Alguien tuvo este insight mucho antes que yo, y conscientemente decidieron crear contenidos educativos con las intenciones que hayan sido (altruistas o mercantiles) desde Plaza Sésamo, pasando por Barney y llegando a la explosión de cadenas mediáticas y contenido para niños, hay personas detrás, guiando las mentes de los más jóvenes (bebés que aún ni gatean, pensemos en BabyTV). ¿Por qué guiando? Porque son las primeras experiencias que tienen frente a la televisión y a partir de eso esperarán tal o cual contenido, porque ya están conociendo sus posibilidades, ya están sintiendo y aprendiendo con ellos. Ninguna firmita evita este contacto, ninguna firmita soluciona la verdadera pregunta ¿qué harán estas generaciones con tanta exposición mediática? ¿Cómo están aprendiendo? ¿Qué procesos cognitivos están desarrollando? ¿Qué pasa socialmente cuando niños de la misma generación conviven pero sin tener el mismo nivel de acceso mediático?

Sí, detrás de Dora, Umizoomi, Plaza Sésamo, Bubble Guppies hay Doctores en psicología, pedagogía, Doctores como consultores de investigación, de cultura y creatividad, como compositores de música, y consultores educativos, ¿Quiénes están detrás de los contenidos de las televisoras nacionales? la pregunta va en el sentido ¿cómo queremos mejores contenidos si no estamos educando para crear mejores narradores, si no estamos involucrando otras áreas de conocimiento como la psicología, la sociología, la narrativa transmedia? por mencionar algunos. ¿Qué intención o qué objetivo persiguen nuestras cadenas nacionales? Creo que es innegable que el ganar dinero (cualquier negocio tiene eso por objetivo, incluso las cadenas mediáticas que producen Dora, Umizoomi, etc) pero ¿por qué nuestras cadenas nacionales no se arriesgan a producir otro tipo de contenidos? ¿creen saber o sabrán de cierto que el público no lo consumiría? No tengo respuestas, sólo preguntas, sólo ganas de ser testigo de los cambios en consumo y creación de contenidos que suceden cada vez con mayor velocidad.

Los invito a leer los créditos de los programas que ven sus hijos, se sorprenderán. No es magia, no es adicción, hay personas especializadas guiando nuestros procesos de enseñanza-aprendizaje.
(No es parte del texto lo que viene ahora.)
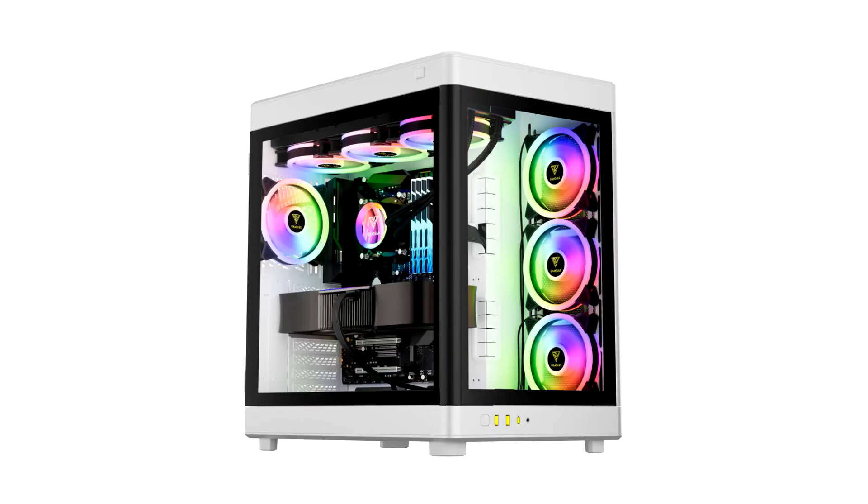The one-touch release mechanism allows you to access your hardware with a simple touch, and the dual-hinged tempered glass side panels are detachable for an improved modding experience.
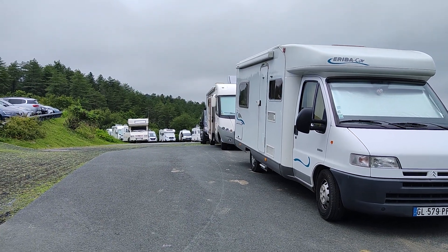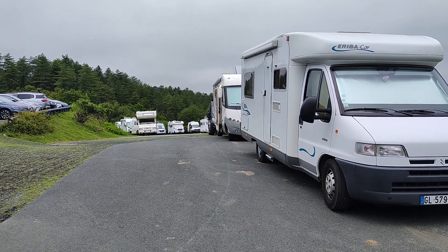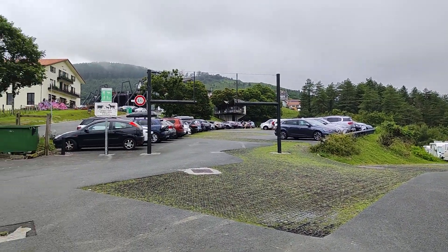This is the motorhome parking area at Berra, which is in the Pyrenees on the French and Spanish border on the Ibadin Pass. It's primarily a shopping commerce area, which is just up the hill there.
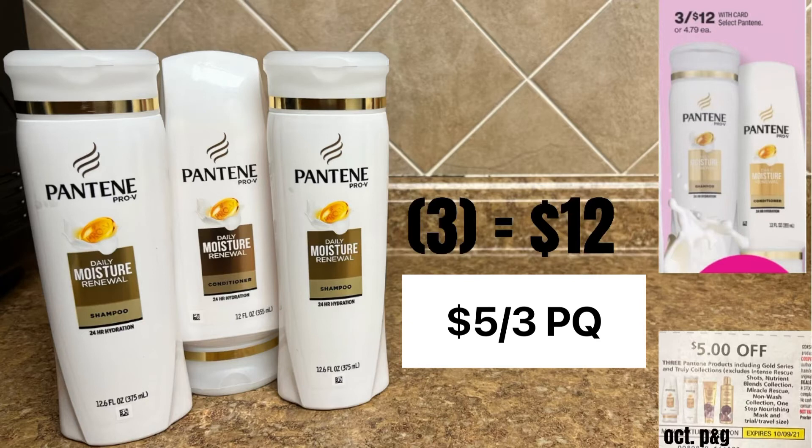Lastly, I'm grabbing three Pantene for $12, and I'm going to use that $5 off three digital coupon from the October P&G.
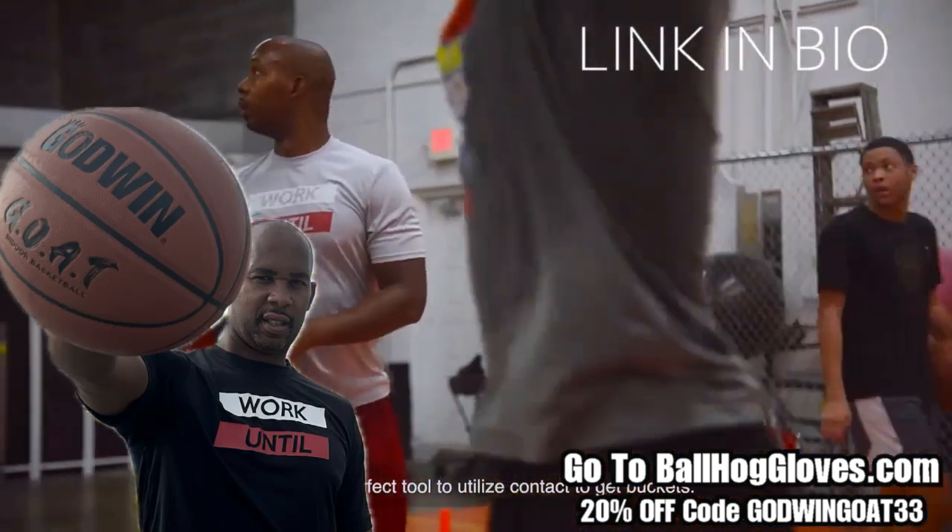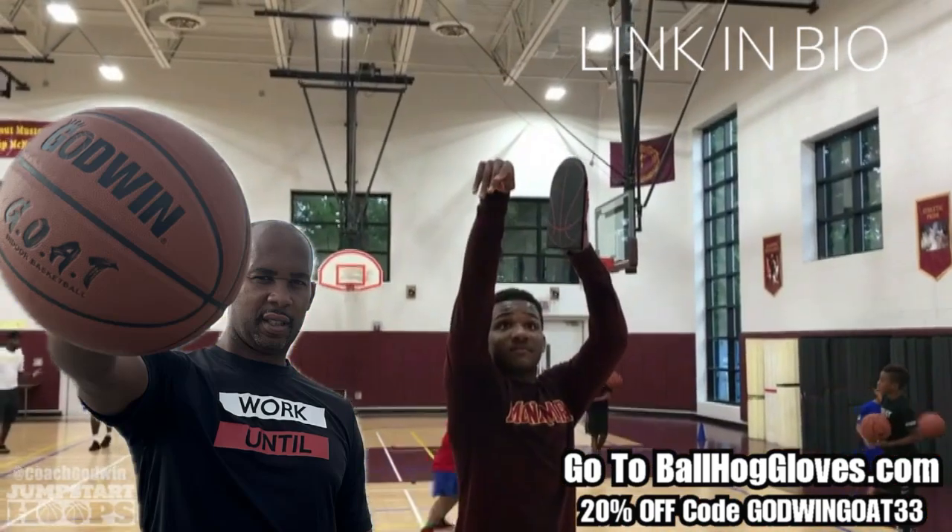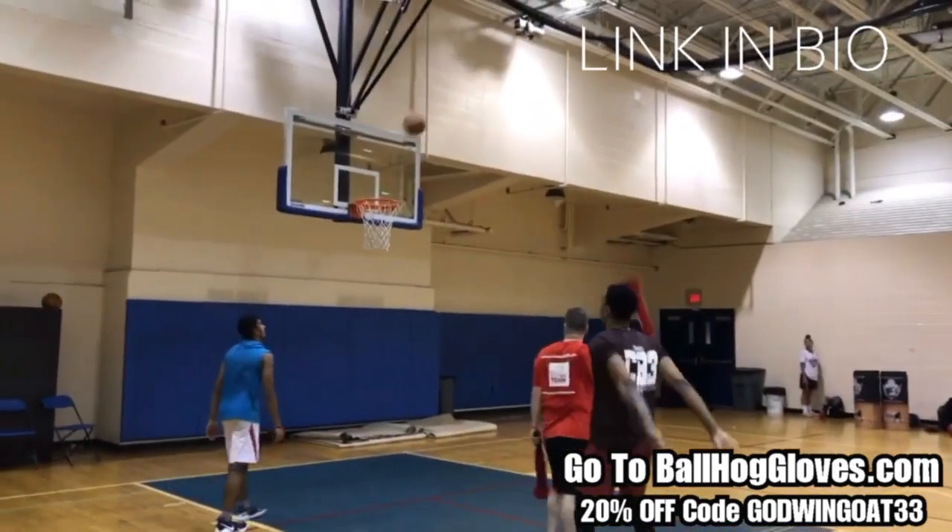We also have pads, ball handling gloves, and shooting eggs. For a limited time, use discount code GODWINGOAT33. Click the link in the bio.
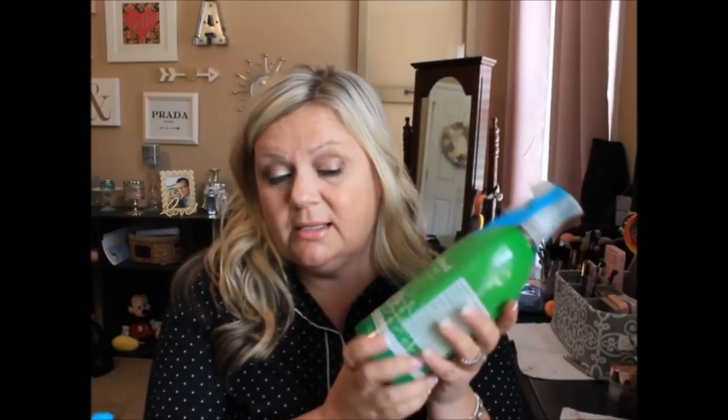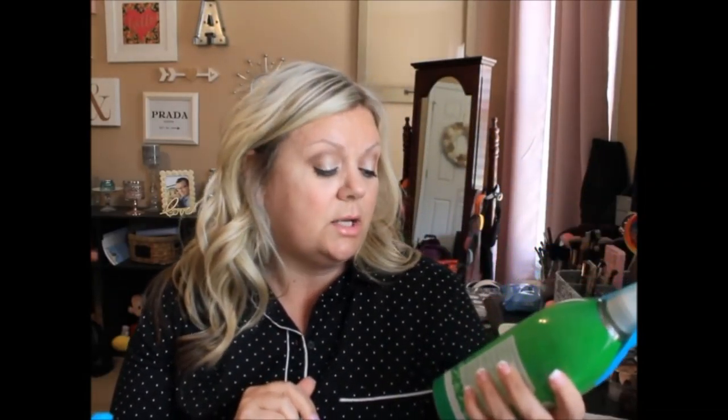Moving on, this is the Method Anti-Bac All-Purpose Cleaner in the bamboo scent. This obviously can go on anything, so I'm really excited to start using that product.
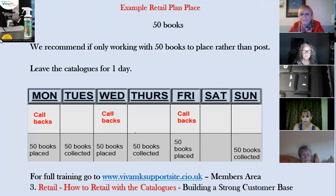For full catalogue training, on the Viva MK support site in the members area you'll find the full trainings, including separate training on how to retail with catalogues and how to build a strong customer base. Any questions, please do ask — thanks very much.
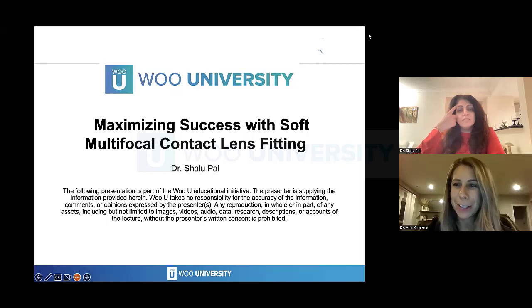Good evening, everyone, and thank you for joining us tonight for our WU-U event with Dr. Shalhoub Paul, and she'll be discussing maximizing success with soft multifocal contact lens fitting.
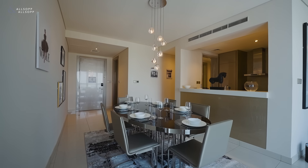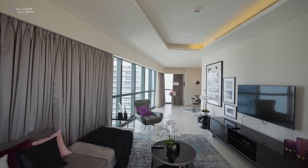Hi, I'm Kavian from Allsop and Allsop Real Estate. Let me show you around this stunning furnished two-bedroom property in Damac Tows by Paramount in the heart of Business Bay. Let's have a look around.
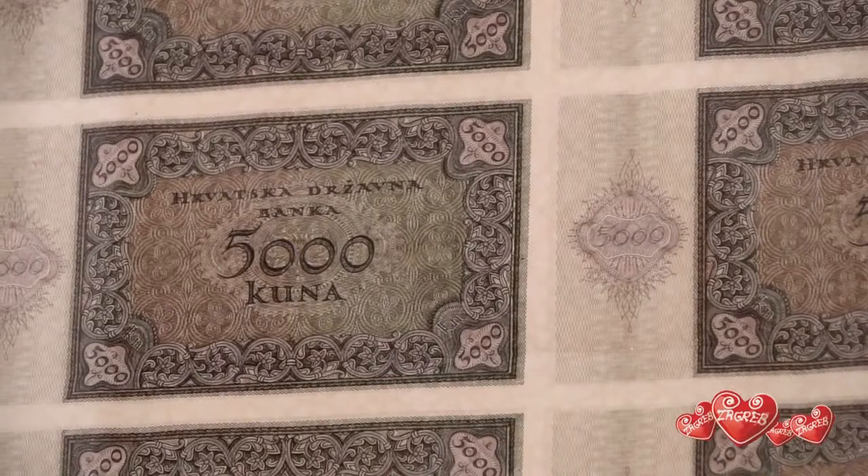The Croatian currency is called kuna, which means marten. Because the taxes paid by serfs in medieval Slavonia were called kunovina, after the marten hides which were used as the currency at the time.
Mientras escribo esto, descubro que el sitio de NickJr, tiene una pestaña pequeña en su parte superior que dice: parent’s connect, en una nueva pantalla unas zapatillas del lado izquierdo llaman mi atención (estudiado tienen cómo recorre la vista una pantalla y qué le llama la atención a las mamás) leo NickMom y de nuevo del lado izquierdo aparece la portada de una revista que dice: ¿Cómo convertir a tu esposo sucio en el hombre con quien te casaste? (How to convert your filthy husband back into the man you married) por supuesto me urge terminar esto que escribo y leer el artículo. Ya soy presa, de nuevo, del aprendizaje mediático. Firmitas, no cambian nada, mejor eduquemos a nuestros hijos en la reflexión, criticidad y el rol de prosumidores que tenemos frente a los medios, mejor eduquemos mejor a nuestros creadores de historias. Me quedo pensando, acaso será que una sociedad es tan creativa como su peor narrador de historias, parafraseando el clásico: Una cadena es tan fuerte como su eslabón más débil.